I did participate in most of the tastings, even though all whisky taste the same to me; fiery and smoky and belly warming, but I still wanted to be a part of the experience. Coming to Islay to taste Scotch is something people dream of and even I was not about to deny myself the experience.
As of this posting there are currently eight distilleries on Islay. We were not going to visit all of them but we were going to visit as many as possible. Our daughter had a “must visit” list and had her favorites ranked. Armed with this knowledge, Andrew set out toward the farthest one on her list. Bruichladdich. (Which I didn’t realize until just now is the same name as our taxi service.) As we trekked toward the other side of the island, we took in magnificent, sweeping, rugged landscape.

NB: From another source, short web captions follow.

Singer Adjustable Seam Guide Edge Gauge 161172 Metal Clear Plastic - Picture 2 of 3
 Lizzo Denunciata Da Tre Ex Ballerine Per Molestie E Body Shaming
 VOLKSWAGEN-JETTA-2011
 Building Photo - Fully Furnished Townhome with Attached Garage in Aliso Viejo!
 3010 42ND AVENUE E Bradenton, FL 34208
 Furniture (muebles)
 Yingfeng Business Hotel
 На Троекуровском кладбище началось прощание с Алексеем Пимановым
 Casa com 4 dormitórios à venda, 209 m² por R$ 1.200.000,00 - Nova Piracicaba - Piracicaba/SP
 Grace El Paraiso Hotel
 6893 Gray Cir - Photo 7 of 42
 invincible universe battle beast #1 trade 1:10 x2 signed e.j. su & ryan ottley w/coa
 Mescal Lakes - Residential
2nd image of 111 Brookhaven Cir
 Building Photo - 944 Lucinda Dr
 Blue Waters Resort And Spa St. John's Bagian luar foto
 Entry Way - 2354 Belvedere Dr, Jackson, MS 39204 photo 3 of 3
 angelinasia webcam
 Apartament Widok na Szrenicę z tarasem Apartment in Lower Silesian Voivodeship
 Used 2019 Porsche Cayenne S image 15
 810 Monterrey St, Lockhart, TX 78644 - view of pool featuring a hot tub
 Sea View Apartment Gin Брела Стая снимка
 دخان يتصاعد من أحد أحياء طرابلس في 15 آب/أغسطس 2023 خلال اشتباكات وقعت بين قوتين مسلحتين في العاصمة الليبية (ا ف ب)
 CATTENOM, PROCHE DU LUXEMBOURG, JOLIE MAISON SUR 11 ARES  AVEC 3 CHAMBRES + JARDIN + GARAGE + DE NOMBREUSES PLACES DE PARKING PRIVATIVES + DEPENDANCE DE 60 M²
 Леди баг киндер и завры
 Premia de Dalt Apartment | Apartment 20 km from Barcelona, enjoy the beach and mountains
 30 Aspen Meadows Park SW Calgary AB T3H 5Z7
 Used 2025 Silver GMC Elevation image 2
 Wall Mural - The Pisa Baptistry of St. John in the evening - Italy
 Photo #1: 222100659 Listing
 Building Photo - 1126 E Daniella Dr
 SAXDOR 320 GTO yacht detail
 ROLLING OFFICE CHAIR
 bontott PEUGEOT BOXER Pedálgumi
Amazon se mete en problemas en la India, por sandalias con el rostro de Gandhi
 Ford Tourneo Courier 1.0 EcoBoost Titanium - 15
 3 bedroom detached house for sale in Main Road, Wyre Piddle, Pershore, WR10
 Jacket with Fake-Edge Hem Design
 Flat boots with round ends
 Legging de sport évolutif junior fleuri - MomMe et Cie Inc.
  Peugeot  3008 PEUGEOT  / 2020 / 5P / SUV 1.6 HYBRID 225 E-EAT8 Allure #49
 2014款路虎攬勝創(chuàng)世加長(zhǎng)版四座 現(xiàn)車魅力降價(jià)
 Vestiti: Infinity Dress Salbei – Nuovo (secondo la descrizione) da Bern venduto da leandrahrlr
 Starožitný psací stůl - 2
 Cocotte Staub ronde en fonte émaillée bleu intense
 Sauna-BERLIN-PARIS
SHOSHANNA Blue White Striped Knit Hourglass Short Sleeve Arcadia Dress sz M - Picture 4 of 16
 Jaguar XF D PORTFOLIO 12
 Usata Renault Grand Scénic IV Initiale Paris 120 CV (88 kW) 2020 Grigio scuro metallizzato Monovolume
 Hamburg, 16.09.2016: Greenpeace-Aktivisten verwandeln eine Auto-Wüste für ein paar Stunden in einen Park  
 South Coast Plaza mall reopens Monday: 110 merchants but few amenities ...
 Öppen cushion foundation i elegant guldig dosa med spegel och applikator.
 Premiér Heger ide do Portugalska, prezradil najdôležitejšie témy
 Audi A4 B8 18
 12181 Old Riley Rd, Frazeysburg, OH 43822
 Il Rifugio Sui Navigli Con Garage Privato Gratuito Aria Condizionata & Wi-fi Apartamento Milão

SIDE NOTE: You may have noticed that I am spelling “whiskey” without the “E.” Because I am discussing Scottish whisky in this blog post I will use the Scottish spelling of the word vs the Irish and American spelling of the word which adds the “E”.
Also, people often wonder about the term “Scotch,” It is whisky, but only whisky distilled in Scotland can be called “Scotch.”
Prior to arriving at Bruichladdich I did a little internet search about the history of this particular distillery. It helped me to understand why my daughter wanted to visit. The distillers here seem to be a bit rogue, proudly claiming that they are, “Non conformist,” their website reads poetically and I found myself drawn into the romance of their product and innovation. According to their website when the distillery was built in 1881 it did not dry it’s malt using peat.
Peat, that rich loamy bog dirt most synonymous with the British Isles, being what most Scotch whisky connoisseurs believe to be the secret ingredient to great Scotch. If you prefer a peated whisky choose wisely at Bruichladdich, some of their whisky is peated but their signature Bruichladdich whisky is not.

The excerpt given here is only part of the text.